Three developments between 2023 and 2025 defined the modern landscape:
- Generative Agents (Park et al., 2023) demonstrated that LLMs coupled with a memory stream, reflection mechanism, and planning module could exhibit believable long-term behavior in simulation [2].
- MemGPT (Packer et al., 2023) reframed the problem in operating-systems terms, proposing virtual context management analogous to virtual memory paging [3].
- Retrieval-augmented generation (RAG) became the dominant practical approach for injecting external knowledge into LLM prompts, but its limitations for dynamic, evolving memory became increasingly apparent [4].
3. Taxonomy of Memory in LLM Systems
Several classification frameworks have been proposed. The most comprehensive is the eight-quadrant framework of Wu et al. (2025), which organizes memory along three dimensions: object (what is remembered), form (how it is represented), and time (temporal scope) [5]. A simpler and more operationally useful taxonomy, drawn from the survey by Zhang et al. (2024), distinguishes memory by its functional role [1]:
3.1 By Temporal Scope
- Working memory (in-context): Information currently within the LLM’s context window. This is the only memory the model can directly attend to during inference. Bounded by context window size (typically 4K–2M tokens in current models).
- Short-term memory: Recent interaction history maintained across a small number of turns, typically via conversation buffer or sliding window. Often implemented as a FIFO queue.
- Long-term memory: Persistent storage of information across sessions, days, or indefinitely. Requires external storage and a retrieval mechanism to surface relevant content into working memory at inference time.
3.2 By Representation Form
- Raw text / episodic: Verbatim or lightly processed records of past interactions. Analogous to human episodic memory. Examples: full conversation logs, timestamped observation records.

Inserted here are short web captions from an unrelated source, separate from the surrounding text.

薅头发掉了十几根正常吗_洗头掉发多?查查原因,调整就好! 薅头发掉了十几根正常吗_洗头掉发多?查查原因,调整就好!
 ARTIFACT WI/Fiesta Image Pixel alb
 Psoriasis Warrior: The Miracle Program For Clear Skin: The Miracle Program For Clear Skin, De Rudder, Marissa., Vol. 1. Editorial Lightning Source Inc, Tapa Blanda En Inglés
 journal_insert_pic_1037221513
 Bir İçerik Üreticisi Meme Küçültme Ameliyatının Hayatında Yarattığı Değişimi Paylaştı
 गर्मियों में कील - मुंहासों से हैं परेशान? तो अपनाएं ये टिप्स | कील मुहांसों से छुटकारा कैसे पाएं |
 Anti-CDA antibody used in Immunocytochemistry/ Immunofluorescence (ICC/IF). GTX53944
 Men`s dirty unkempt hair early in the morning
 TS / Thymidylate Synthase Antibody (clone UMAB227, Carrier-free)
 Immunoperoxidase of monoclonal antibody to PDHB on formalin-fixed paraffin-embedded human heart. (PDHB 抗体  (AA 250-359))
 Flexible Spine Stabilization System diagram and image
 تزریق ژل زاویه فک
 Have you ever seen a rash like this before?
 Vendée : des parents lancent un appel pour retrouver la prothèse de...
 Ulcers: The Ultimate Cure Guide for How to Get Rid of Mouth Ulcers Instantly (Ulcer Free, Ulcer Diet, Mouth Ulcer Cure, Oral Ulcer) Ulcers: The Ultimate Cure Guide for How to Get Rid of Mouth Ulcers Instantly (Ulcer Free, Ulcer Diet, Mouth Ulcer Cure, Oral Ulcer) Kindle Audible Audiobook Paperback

- Structured / semantic: Extracted facts, entities, and relationships organized in knowledge graphs, relational databases, or structured schemas. Analogous to human semantic memory.
- Compressed / summary: Lossy representations produced by summarization—recursive summaries, distilled fact lists, or embeddings. Trades fidelity for token efficiency.
- Parametric: Knowledge encoded in model weights via fine-tuning or continual learning. Not externally inspectable or editable without retraining.
3.3 By Operational Role
- Episodic memory: Records of specific past events and interactions, with temporal metadata.
- Semantic memory: General knowledge and facts extracted from experience, divorced from specific episodes.
- Procedural memory: Learned skills, tool-use patterns, or behavioral routines that improve with experience.
4. Core Technical Architectures
This section describes the mechanical operation of the leading systems in detail.
4.1 Generative Agents (Park et al., 2023)
Origin: Stanford / Google. Published at UIST 2023 [2].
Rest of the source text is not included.